Boekbespreking
Kees Boele Van zuil naar zout. Christelijk onderwijs in een seculier klimaat. KokBoekencentrum Uitgevers, Utrecht; 170 blz.; € 17,99.
Volgens de overlevering zou mijn grootvader met zijn jonge gezin verhuisd zijn vanwege een godvrezende schoolmeester. Er ging zo’n goed gerucht vanuit dat hij zijn kinderen daar onderwijs wilde laten geven. Als we de redenering van Kees Boele in zijn nieuwste boek doortrekken, zou dit in de toekomst vaker kunnen gebeuren. Als er geen georganiseerd christelijk onderwijs meer zou zijn, hangt het immers van individuele gelovige leraren af of er nog iets van het christelijk geloof gecommuniceerd wordt of niet. Anticiperend op zo’n toekomst, is het Boeles stelling dat we vooral veel moeten verwachten van de persoon van de leraar. Hij komt tot deze stelling door de huidige seculiere cultuur te vergelijken met de eerste eeuwen van het christendom, waarin geen sprake was van christelijke scholen op de manier zoals wij die nu kennen. Christelijk onderwijs was er alleen in de vorm van geloofsonderricht, ter voorbereiding op deelname aan de eucharistie. De huidige cultuur lijkt op die van de eerste eeuwen van het christendom, zo betoogt Boele, en daarom is het zinvol om juist van die periode te leren. De overeenkomsten zijn er in ten minste vier opzichten: het stoïcisme (de drang eenvoudiger te willen leven, terug naar de natuur), het epicurisme (de hang naar materieel en zinnelijk genot), het scepticisme (het ontbreken van zekerheden) en het neoplatonisme (het deel willen zijn van een groot geheel). Het is evenwel niet zo makkelijk om de vertaalslag te maken, want er zit een lange Constantijnse periode tussen, waarin kerk en staat aan elkaar gelieerd waren.

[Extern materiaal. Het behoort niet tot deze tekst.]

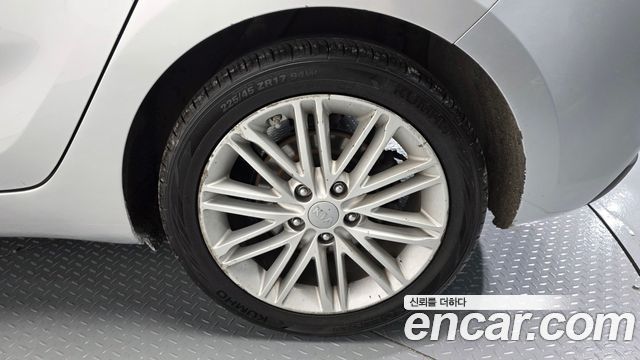 Kia Carens 2017 — photo 5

Christelijke scholen worden door Boele in dat frame geplaatst. Zij zijn instituties, geënt op programma’s en daardoor gerelateerd aan machtsstreven. Dit contrasteert met waar het in het christelijk geloof vooral om gaat: het eenvoudig vertrouwend leven uit Christus en leven met de overtuiging dat wij op aarde geen hemels Koninkrijk kunnen vestigen. De redenering bevat, zoals we van Boele kennen, een door dr. O. Noordmans geïnspireerde, nauwelijks verhulde, afschuw voor neo-gereformeerde organisatiedrang. Een christelijke organisatie is een abstractum, zo zegt hij op pagina 117. Je kunt van christelijke docenten spreken en van christelijke leiders, maar liever niet van christelijk leraarschap en christelijk leiderschap.
Deze personalistische insteek vind ik sympathiek, maar de argumentatie bij de stelling is niet zonder problemen. Dat heeft te maken met de originele, maar wel erg grote denkbewegingen in het boek. Zo wordt, in de reeks bedenkingen bij de christelijke school (als een zuilair instituut), met een beroep op Calvijn gezegd dat een bestuur geen oordeel kan vellen over de christelijkheid van het personeel (p.110-111). Dat is een correct argument, maar het wordt lastig als je daarmee het gelovig zijn van een christen op een tweede plan zet. Het gewicht van de persoon van de christendocent is dan immers weer gerelativeerd. Een dergelijk punt laat zien dat het in grote lijnen redeneren over zo’n complex verschijnsel als christelijk onderwijs vragen oproept.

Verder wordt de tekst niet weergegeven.